Exercise objective: For each line of the data below, copy it if it holds the word "Handbag".

-------- Material shown --------

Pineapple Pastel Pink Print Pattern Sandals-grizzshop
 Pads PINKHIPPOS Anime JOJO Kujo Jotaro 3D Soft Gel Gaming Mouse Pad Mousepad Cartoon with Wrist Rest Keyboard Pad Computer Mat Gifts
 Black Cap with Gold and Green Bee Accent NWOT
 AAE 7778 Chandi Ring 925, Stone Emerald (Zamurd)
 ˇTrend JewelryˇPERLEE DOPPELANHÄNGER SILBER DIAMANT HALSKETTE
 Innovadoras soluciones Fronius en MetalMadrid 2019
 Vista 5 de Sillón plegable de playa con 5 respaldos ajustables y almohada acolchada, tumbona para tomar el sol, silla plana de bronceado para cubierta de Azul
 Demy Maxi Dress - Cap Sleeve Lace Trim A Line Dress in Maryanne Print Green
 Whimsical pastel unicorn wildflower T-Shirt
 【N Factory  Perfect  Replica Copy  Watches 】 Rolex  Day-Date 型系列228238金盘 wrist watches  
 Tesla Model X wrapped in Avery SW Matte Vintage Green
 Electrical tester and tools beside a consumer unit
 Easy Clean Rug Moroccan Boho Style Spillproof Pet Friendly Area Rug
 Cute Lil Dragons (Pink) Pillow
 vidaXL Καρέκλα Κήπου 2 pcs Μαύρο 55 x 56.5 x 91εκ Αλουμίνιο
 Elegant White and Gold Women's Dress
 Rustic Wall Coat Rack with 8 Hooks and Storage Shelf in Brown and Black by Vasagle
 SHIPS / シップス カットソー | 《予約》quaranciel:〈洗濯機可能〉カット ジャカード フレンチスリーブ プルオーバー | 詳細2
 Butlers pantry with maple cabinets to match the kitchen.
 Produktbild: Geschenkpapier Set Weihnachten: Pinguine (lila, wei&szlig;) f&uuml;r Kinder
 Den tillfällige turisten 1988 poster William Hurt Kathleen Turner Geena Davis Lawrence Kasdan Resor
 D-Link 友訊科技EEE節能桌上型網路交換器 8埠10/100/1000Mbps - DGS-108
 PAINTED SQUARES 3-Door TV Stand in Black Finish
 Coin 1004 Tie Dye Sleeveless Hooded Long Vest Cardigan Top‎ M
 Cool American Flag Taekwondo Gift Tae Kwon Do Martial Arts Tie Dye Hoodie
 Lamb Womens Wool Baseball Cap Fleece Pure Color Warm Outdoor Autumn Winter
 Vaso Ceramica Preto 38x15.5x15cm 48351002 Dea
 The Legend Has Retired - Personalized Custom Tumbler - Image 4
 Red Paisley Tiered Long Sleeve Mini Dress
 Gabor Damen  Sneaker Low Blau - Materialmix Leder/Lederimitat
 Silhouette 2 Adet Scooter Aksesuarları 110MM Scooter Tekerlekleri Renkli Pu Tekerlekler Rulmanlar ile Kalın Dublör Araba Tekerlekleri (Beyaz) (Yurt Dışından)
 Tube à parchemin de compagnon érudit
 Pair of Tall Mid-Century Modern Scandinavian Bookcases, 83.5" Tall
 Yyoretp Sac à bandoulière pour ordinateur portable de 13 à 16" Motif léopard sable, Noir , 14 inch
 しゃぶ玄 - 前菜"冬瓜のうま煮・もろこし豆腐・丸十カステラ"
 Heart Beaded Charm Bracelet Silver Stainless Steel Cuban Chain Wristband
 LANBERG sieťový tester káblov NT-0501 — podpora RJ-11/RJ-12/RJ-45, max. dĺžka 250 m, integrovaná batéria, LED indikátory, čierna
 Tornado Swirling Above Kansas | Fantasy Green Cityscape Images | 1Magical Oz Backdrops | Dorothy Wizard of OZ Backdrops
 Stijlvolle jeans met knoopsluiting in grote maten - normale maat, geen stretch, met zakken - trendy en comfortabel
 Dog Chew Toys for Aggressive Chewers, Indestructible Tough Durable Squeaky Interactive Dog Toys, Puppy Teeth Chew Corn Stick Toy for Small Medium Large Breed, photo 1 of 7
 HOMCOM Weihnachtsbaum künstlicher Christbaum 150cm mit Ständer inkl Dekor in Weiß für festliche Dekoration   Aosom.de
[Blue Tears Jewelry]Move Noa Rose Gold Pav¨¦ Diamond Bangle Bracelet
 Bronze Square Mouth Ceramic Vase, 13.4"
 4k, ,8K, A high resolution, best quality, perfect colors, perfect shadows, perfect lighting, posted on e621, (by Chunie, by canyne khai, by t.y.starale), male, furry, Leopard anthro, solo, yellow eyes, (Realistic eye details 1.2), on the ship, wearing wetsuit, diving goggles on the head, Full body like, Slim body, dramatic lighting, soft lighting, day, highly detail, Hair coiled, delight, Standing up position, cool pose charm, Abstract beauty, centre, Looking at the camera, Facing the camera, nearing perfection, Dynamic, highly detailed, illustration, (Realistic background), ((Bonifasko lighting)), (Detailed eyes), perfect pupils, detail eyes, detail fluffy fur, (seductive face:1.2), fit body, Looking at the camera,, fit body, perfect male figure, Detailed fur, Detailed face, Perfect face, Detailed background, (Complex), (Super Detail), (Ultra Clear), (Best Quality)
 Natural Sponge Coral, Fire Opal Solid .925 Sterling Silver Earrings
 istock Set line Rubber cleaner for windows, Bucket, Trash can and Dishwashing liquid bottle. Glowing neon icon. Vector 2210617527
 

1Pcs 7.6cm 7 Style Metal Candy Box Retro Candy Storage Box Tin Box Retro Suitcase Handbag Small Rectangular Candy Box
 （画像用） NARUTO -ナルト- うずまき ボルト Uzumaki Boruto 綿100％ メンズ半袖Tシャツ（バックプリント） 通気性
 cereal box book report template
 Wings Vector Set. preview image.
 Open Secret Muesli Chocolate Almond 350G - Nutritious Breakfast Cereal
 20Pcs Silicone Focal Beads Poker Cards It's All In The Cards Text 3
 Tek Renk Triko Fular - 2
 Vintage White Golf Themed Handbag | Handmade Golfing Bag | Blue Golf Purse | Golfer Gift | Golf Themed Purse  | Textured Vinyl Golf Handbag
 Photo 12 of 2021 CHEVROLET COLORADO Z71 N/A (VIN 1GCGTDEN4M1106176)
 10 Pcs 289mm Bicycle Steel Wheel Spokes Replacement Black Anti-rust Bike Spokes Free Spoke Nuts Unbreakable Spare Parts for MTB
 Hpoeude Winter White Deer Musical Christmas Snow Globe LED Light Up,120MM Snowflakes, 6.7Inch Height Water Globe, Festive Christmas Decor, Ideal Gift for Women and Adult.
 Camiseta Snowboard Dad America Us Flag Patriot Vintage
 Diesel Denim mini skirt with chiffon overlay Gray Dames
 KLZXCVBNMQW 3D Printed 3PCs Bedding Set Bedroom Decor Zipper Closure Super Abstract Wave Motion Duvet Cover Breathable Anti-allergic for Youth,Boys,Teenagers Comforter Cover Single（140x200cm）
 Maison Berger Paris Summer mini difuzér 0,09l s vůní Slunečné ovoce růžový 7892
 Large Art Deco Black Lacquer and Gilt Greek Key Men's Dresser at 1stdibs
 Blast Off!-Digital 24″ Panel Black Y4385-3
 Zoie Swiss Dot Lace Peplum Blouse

--------

Exercise answer:
1Pcs 7.6cm 7 Style Metal Candy Box Retro Candy Storage Box Tin Box Retro Suitcase Handbag Small Rectangular Candy Box
 Vintage White Golf Themed Handbag | Handmade Golfing Bag | Blue Golf Purse | Golfer Gift | Golf Themed Purse  | Textured Vinyl Golf Handbag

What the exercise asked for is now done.